So eventually I quit, I moved to contracting work and I've been working on my own business, and it's a better deal in my opinion.

You really have to think about what you want in life.. some people like the corporate life. But for me, getting up early in the morning, putting on a suit and working for someone else all day is nothing other than slavery, and it doesn't matter if you pay me 10K or 100K, I don't want to do it.


----------



## 31205 (Jan 16, 2013)

wat_is_this said:


> Damn, i'd disable my life and work those hours for as long as I physically and/or mentally could!
> 
> What does the job consist of?


Start a machine. Sit down. Wait for machine to finish cycle (115mins). Remove finished roll. Start new roll. Wrap finished roll. Move to warehouse. Sit back down and wait for machine to finish cycle. If the machine breaks, which they do pretty often, fix it. Usually only simple stuff. Hardest part is trying not to get bored. Also overtime doesn't come around too often. We're busy now, I did 80 hrs last week and on 12 hr nights this week.maybe another two weeks of 12 hr shifts. See what happens.


----------



## BigBarney (May 6, 2014)

Lightning said:


> I was on 80K doing IT for Barclays in Canary Wharf a couple years ago and to be honest I hated it.

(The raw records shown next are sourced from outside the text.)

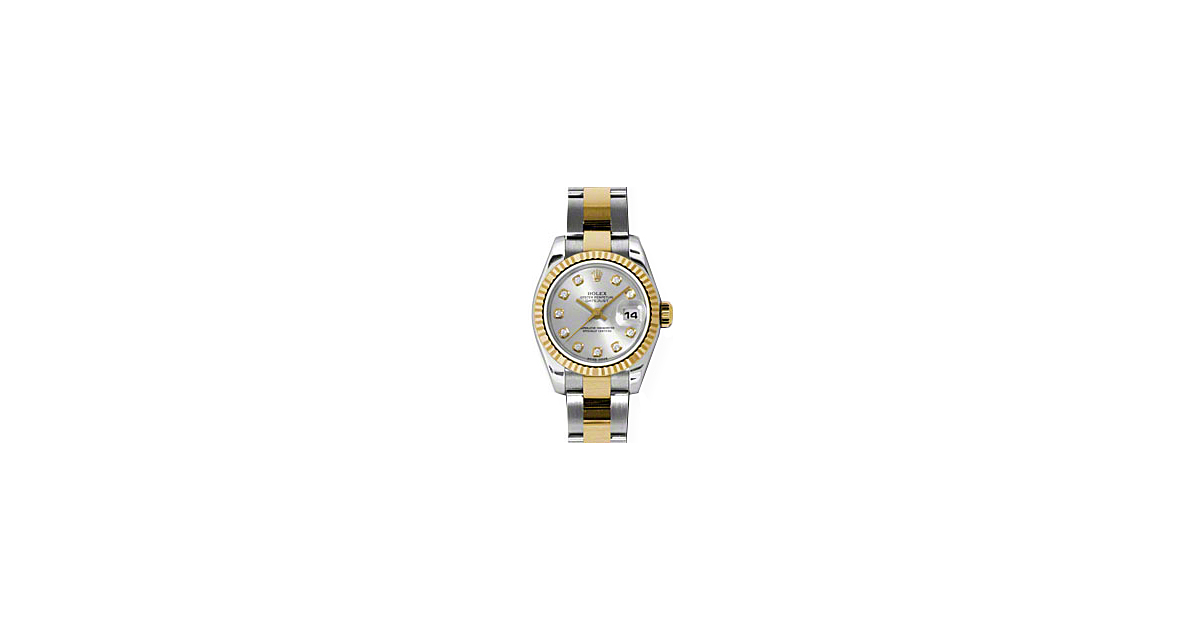 Rolex Lady-Datejust 26 179173-SLVDO Silver Diamond Fluted Yellow Gold Stainless Steel Oyster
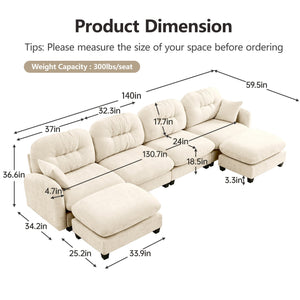English Elm Modular U-Shaped Sectional Sofa With Ottoman, Soft Chenille Fabric, Tufted Backrest, Elegant Design W714S01373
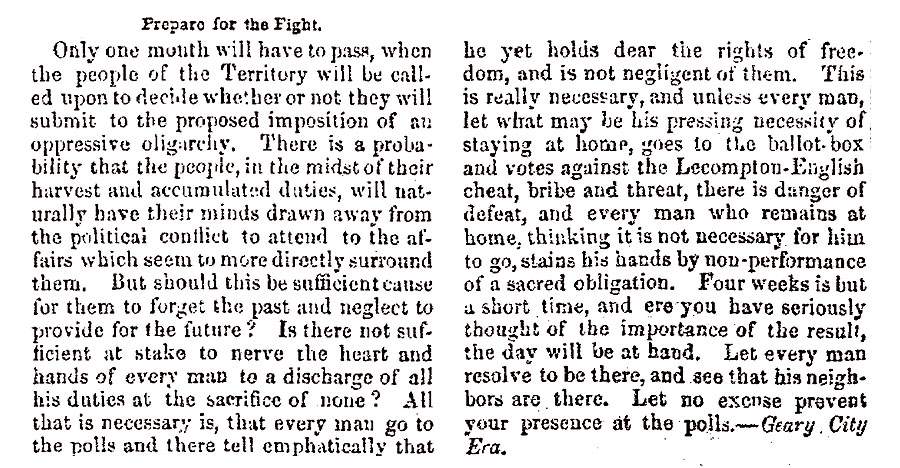 "Prepare for the Fight," Lawrence (KS) Herald of Freedom, July 17, 1858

Just out of interest what area of IT were you/are you working in? I'm guessing you were contracting for that sort of wage?


----------



## Lightning (Jun 23, 2014)

BigBarney said:


> Just out of interest what area of IT were you/are you working in? I'm guessing you were contracting for that sort of wage?


Just boring-ass database development. Backend analysis tools. The banks pay fairly well for jobs that would normally pay half as much. I suppose the reason is that hours are longer (9am - 7-8 pm) and the work is more boring.

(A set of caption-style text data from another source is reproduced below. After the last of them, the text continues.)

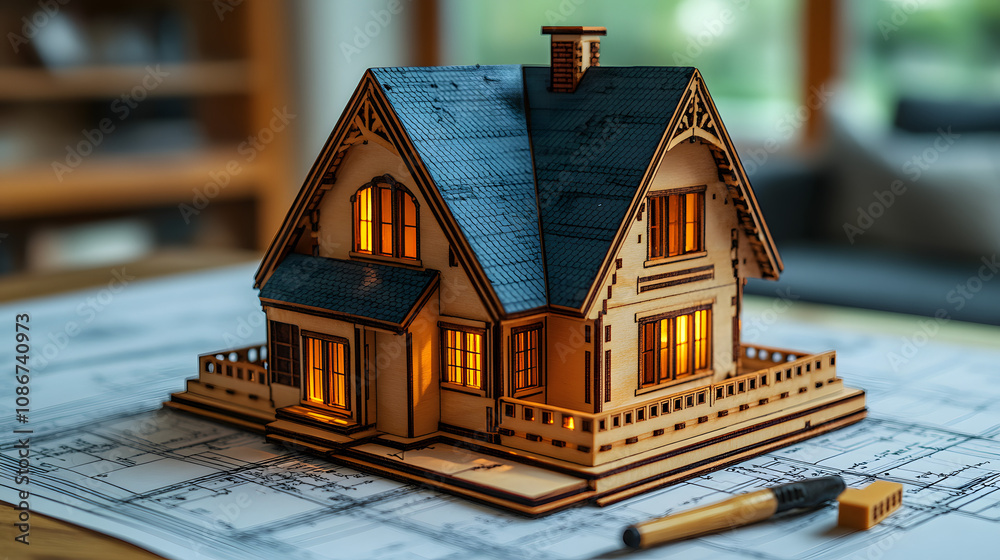A miniature house placed on architectural blueprints surrounded by drawing tools, symbolizing the process of design, planning, and construction in architecture and home building projects
A miniature house placed on architectural blueprints surrounded by drawing tools, symbolizing the process of design, planning, and construction in architecture and home building projects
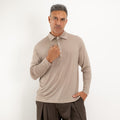 Langarm-Poloshirt aus ultraleichtem Stretch-Gewebe – Beige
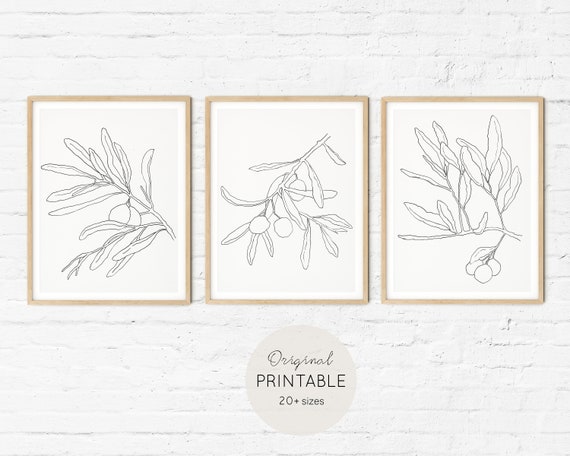 Set of 3 Printable Wall Art Minimalist Line Art Botanical | Etsy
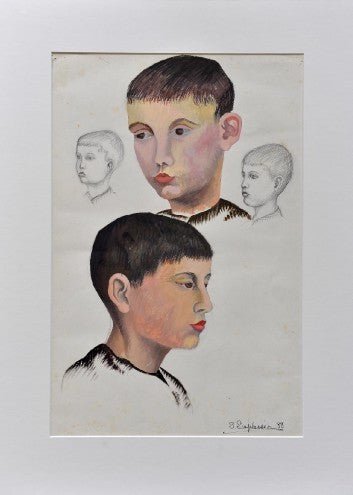 Multiple drawings of a boy - Natalia Willmott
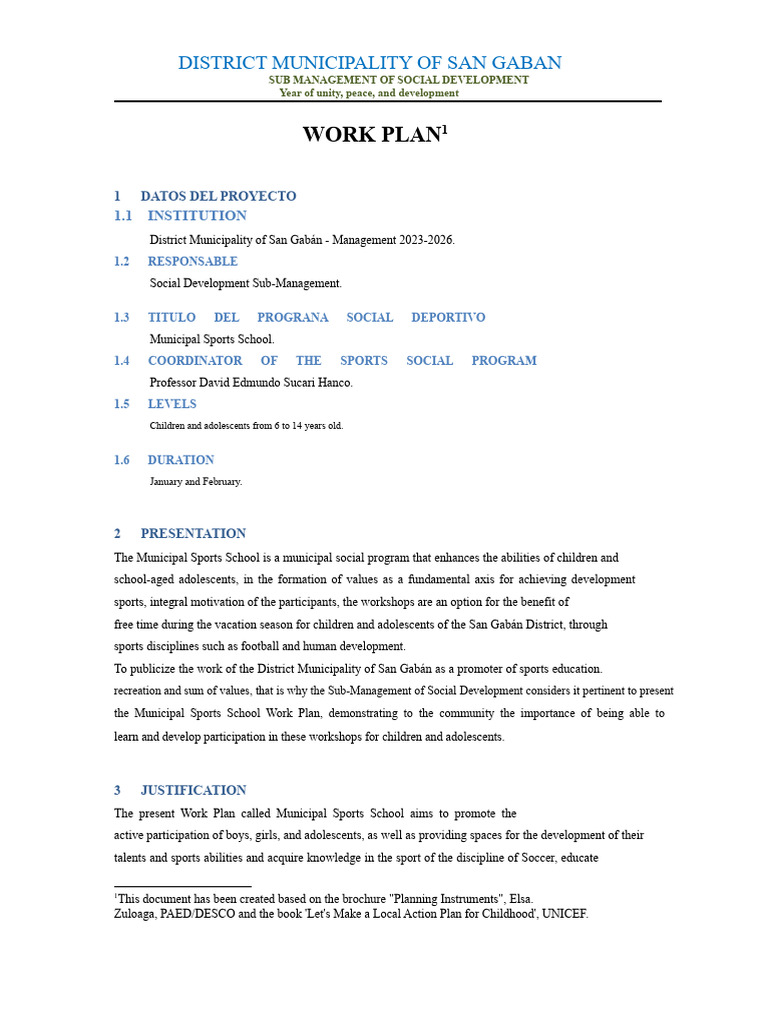 Municipal Sports School Work Plan 2023 | PDF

It wasn't a contract, just a "perm" role. I could have worked hard to try to get an end-of-year bonus, but I quit before that came up


----------



## simonthepieman (Jun 11, 2012)

Theseus said:


> flash news...
> 
> as a foundation doctor, you earn a basic of £22,636 per year. after years of training, when you are a specialist, you will then earn £75,249 per year. from training till being a specialist...between 5-10 years, may even be longer depends on your specialty...
> 
> ...


Or you could work a FIFO doctor in Australia working in outback locations.

$1000s per day.

Miserable conditions for a few weeks treating alcoholic Aboriginals. But you then a get a few weeks off to go party in Bali or the cities.


----------



## simonthepieman (Jun 11, 2012)

Lightning said:


> Just boring-ass database development. Backend analysis tools. The banks pay fairly well for jobs that would normally pay half as much. I suppose the reason is that hours are longer (9am - 7-8 pm) and the work is more boring.
> 
> It wasn't a contract, just a "perm" role. I could have worked hard to try to get an end-of-year bonus, but I quit before that came up


The missus was earning nearly 100k contracting a Barclay's in IT project administration a few years back. Crazy money for some jobs.

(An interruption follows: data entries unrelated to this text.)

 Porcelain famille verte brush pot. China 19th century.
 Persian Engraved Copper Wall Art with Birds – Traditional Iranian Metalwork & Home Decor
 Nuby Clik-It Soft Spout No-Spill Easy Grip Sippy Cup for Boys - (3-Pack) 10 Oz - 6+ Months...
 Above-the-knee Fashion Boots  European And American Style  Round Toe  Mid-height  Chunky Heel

She went perm for career development and maternity benefits/stability.


----------



## Lightning (Jun 23, 2014)

simonthepieman said:


> The missus was earning nearly 100k contracting a Barclay's in IT project administration a few years back. Crazy money for some jobs.
> 
> She went perm for career development and maternity benefits/stability.


Yeah Barclays pays pretty well, although it's disorganized as hell. (Maybe that's why they pay well, because everybody they hire keeps leaving.)

I didn't like it enough to go for the long term career development, but if you like the work it's not a bad place to end up.


----------



## simonthepieman (Jun 11, 2012)

Lightning said:


> Yeah Barclays pays pretty well, although it's disorganized as hell. (Maybe that's why they pay well, because everybody they hire keeps leaving.)
> 
> I didn't like it enough to go for the long term career development, but if you like the work it's not a bad place to end up.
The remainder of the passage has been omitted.